Participation in employee insurance schemes is essentially mandatory for employees, with the possible exception of a director-cum-controlling shareholder depending on whether a relationship of authority can or cannot be said to be entertained between the director and the company for which he or she works.
According to the Arnhem-Leeuwarden Court of Appeal, the conditions for being granted mandatory insurance waiver had not been satisfied in the following scenario. A private limited-liability holding company had issued depositary receipts for shares to the members of a single family: 50% to the mother and 16.66% each to her three children. The holding company’s executive board was made up of three directors: the mother, one of her children and a non-family member. Each director had the right to cast a single vote. The holding company was the holder of the full complement of shares in an intermediate holding entity which in turn was the executive director of the operating company. The mother was the sole executive director of the intermediate holding entity and to all intents and purposes worked for the operating company.
The Court ruled that the working relationship between the mother and the subsidiary company satisfied the employment criteria, one of these being that a relationship of authority should be in evidence.

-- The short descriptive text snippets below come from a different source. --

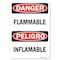 Signmission OSHA Danger Sign, 7" Height, 10" Width, Rigid Plastic, Flammable (Bilingual) Vertical, Landscape OS-DS-P-710-L-19362 - alternate 1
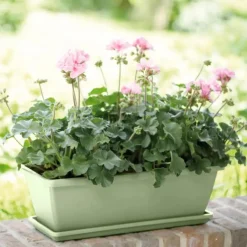 Best ELHO Balconnière en polypropylène vert pistache Barcelona - 39,5 x 19 x 16 cm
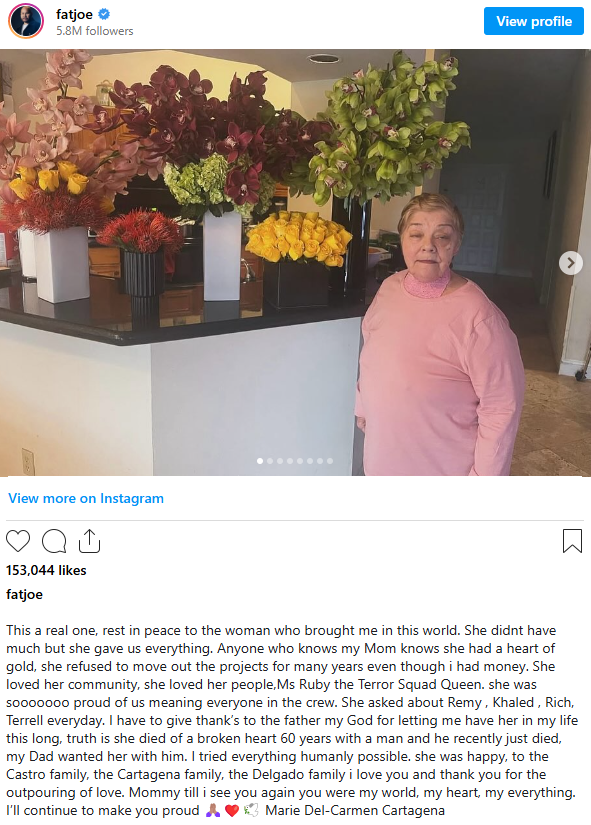Fat Joe Mother Death: Rapper Mourns Deep Family Loss Fat Joe Mother Death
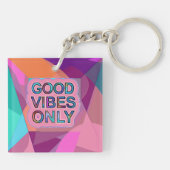 Psychedelic "Good Vibes Only" Text Graphic キーホルダー (裏面)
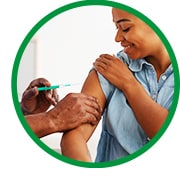 Woman getting her flu vaccination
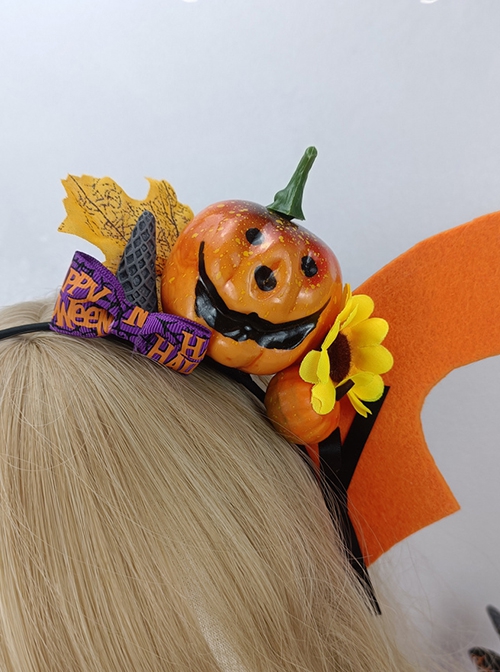 Halloween Devil Horned Bat Wings Cute Pumpkin Head Print Bow Gothic Lolita Headband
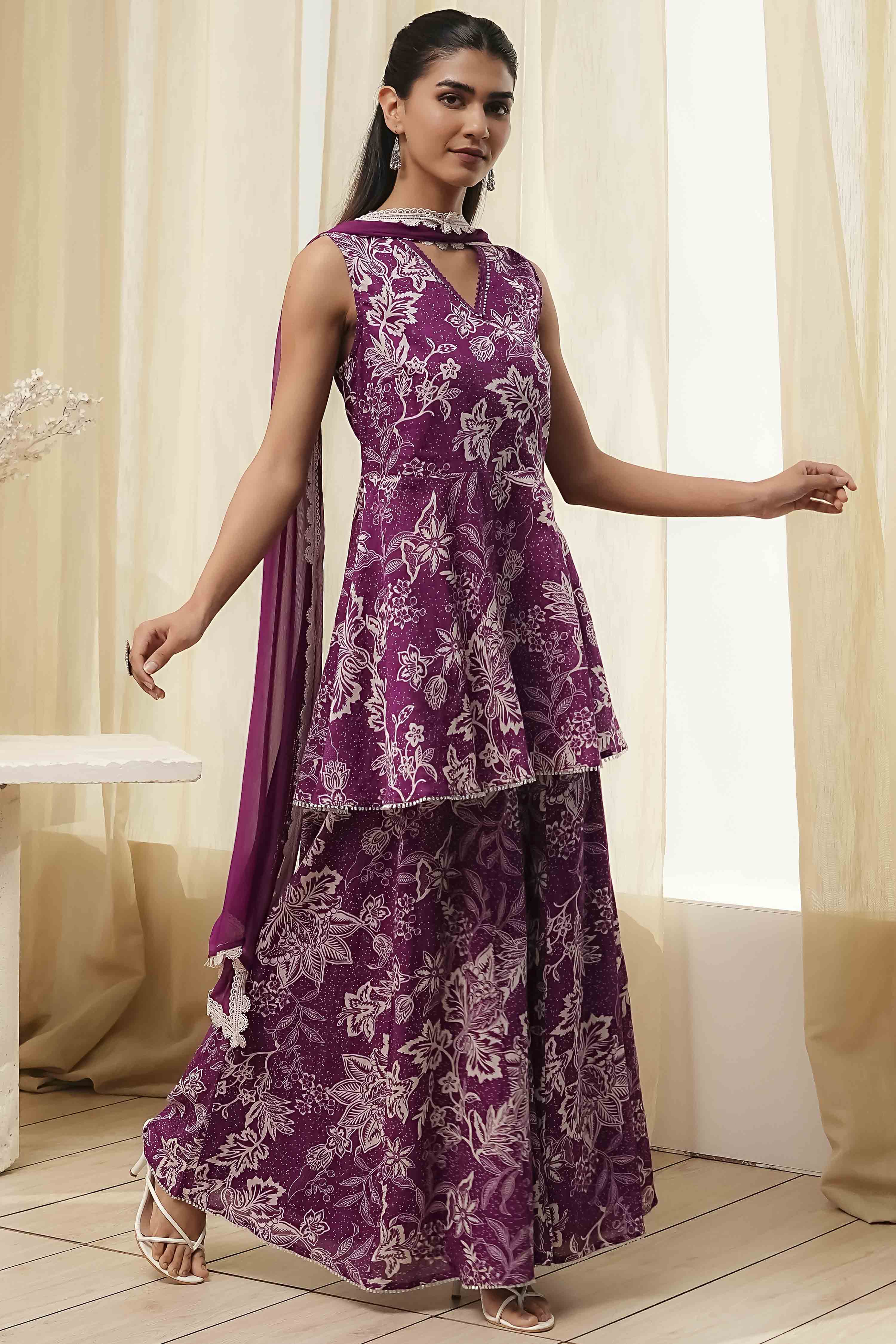 Green Cotton Floral Peplum Suit Set image number 5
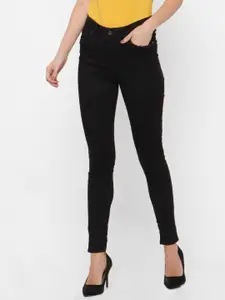 FOREVER 21 Women Black Regular Fit Mid-Rise Clean Look Stretchable Jeans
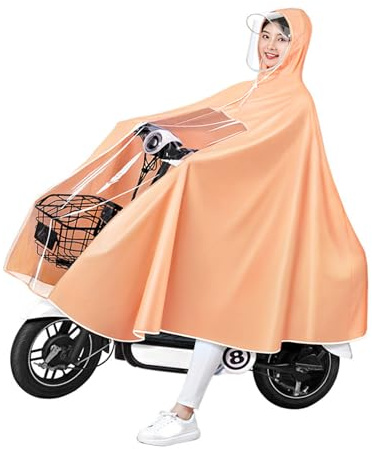 Biitfuu Poncho Antipioggia per Scooter Elettrico, Cappotto Antipioggia Lungo Riutilizzabile per Tutto il Corpo per Adulti Monopattino a Batteria per Bicicletta Singola in PVC, Mantella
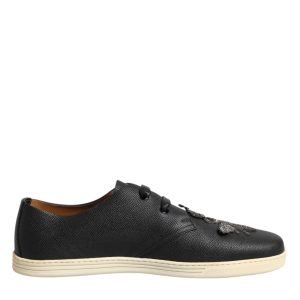Black Leather Bee Crown Low Top Sneakers Shoes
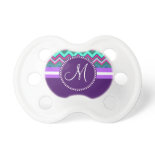 Monogram Aqua Teal Blue Pink Tribal Chevron Zigzag Baby Pacifiers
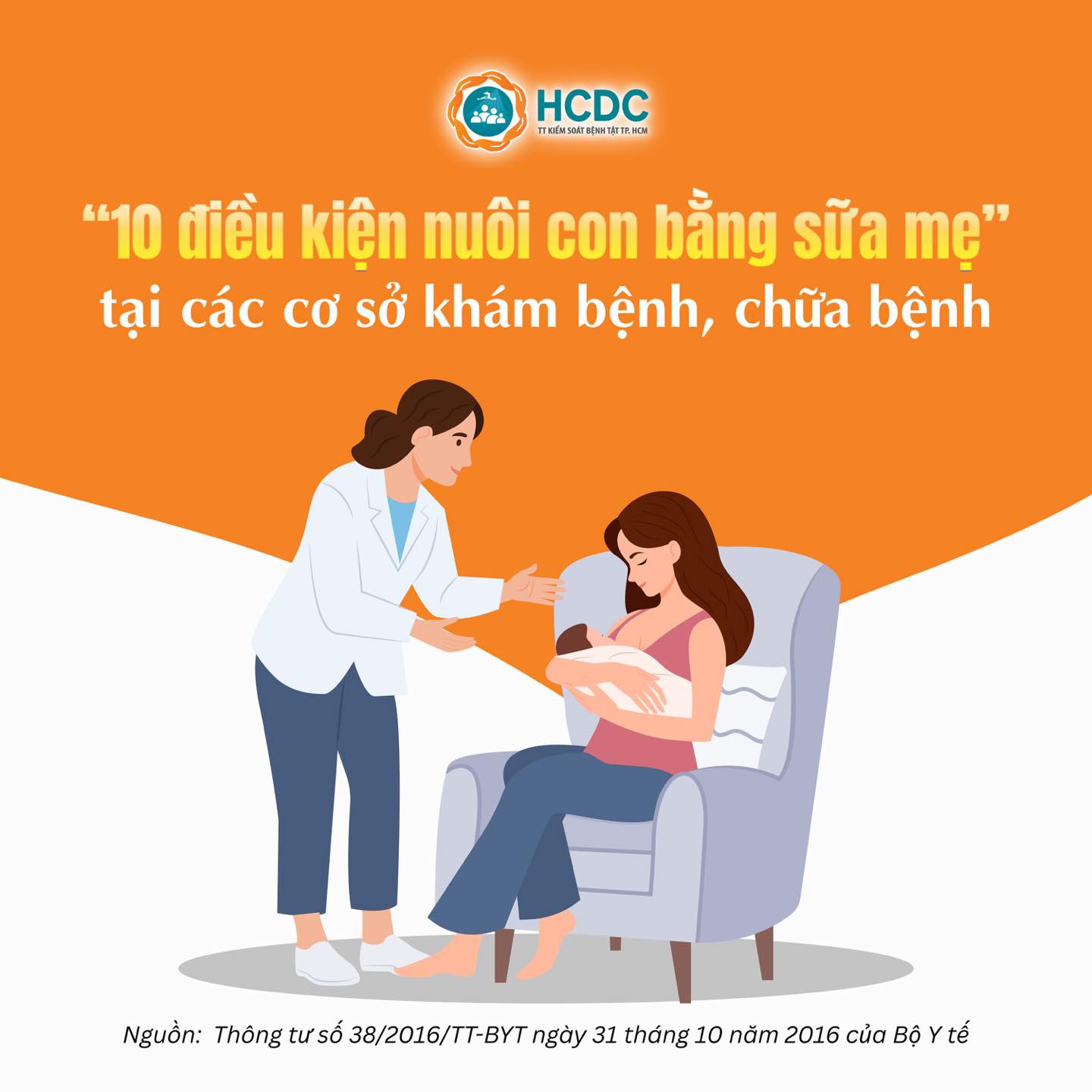 “10 điều kiện nuôi con bằng sữa mẹ” tại các cơ sở khám bệnh, chữa bệnh"
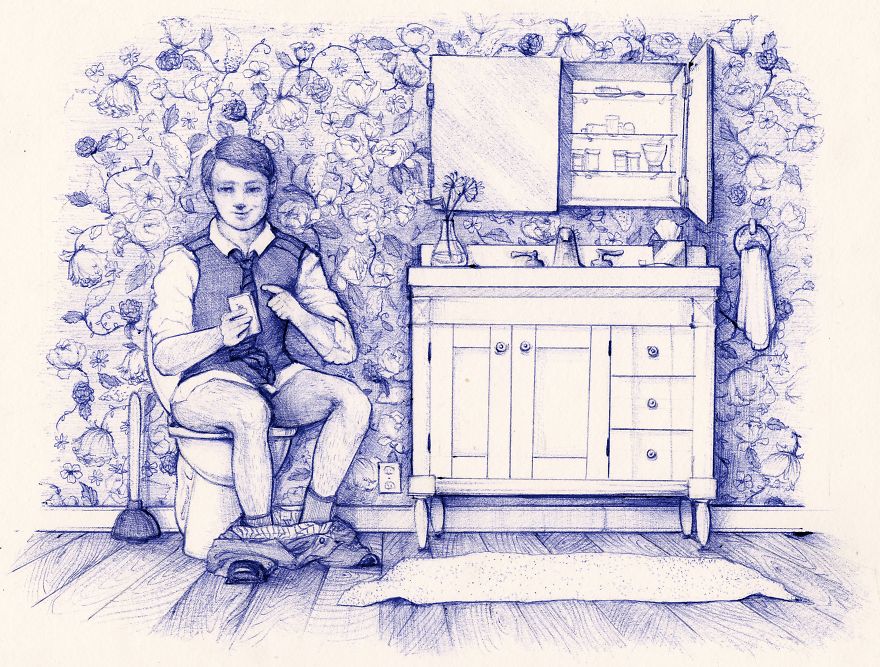 I’m Creating A Collection Of Little Vignettes With A Pen That Play With Our Relationship With Tech I’m Creating A Collection Of Little Vignettes With A Pen That Play With Our Relationship With Tech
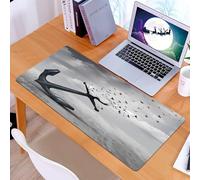 KDWJS Tappetino per mouse XXL Speed Gaming - 90x40 cm - XXL Mousepad - base antiscivolo - migliora la precisione e la velocità - Uccelli, l'ancora si trasforma in un gruppo di uccelli in volo gabbian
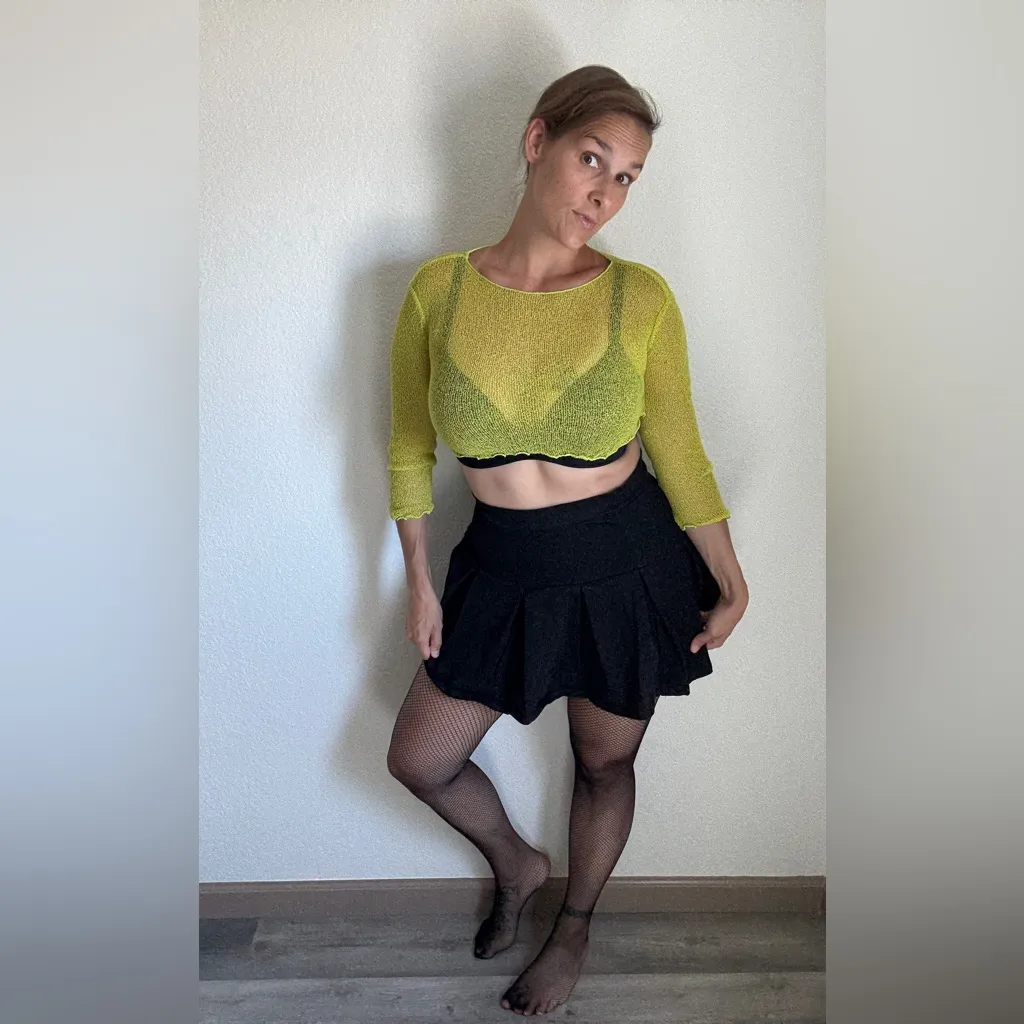 Black Pleated Mini Skirt Cotton Spandex Large Streetwear Goth Punk - Image 3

It is irrelevant to the assessment as to whether a relationship of authority can be deemed to be entertained between a natural person of the one part and a legal entity of the other by whom the legal entity’s corporate body in charge of issuing instructions to the natural person is made up. The existence of a relationship of authority is required to be vetted formally rather than substantively.
The Court of Appeal was satisfied that the mother was under the obligation to adhere to the instructions issued by the subsidiary company’s executive board. It dismissed as irrelevant that the mother in her multiple capacity of holding company board member, intermediate holding entity director and mater familias was in a position to exert influence on the instructions with which she was to be issued, and concluded that a relationship of authority was indeed being entertained. As the other employment criteria – these being the employee’s obligation personally to carry out the various duties and his or her collection of a wage in consideration of his or her efforts – had not been involved in the dispute, the Court of Appeal ended up qualifying the working relationship as an employment relationship entailing mandatory participation in employee insurance schemes.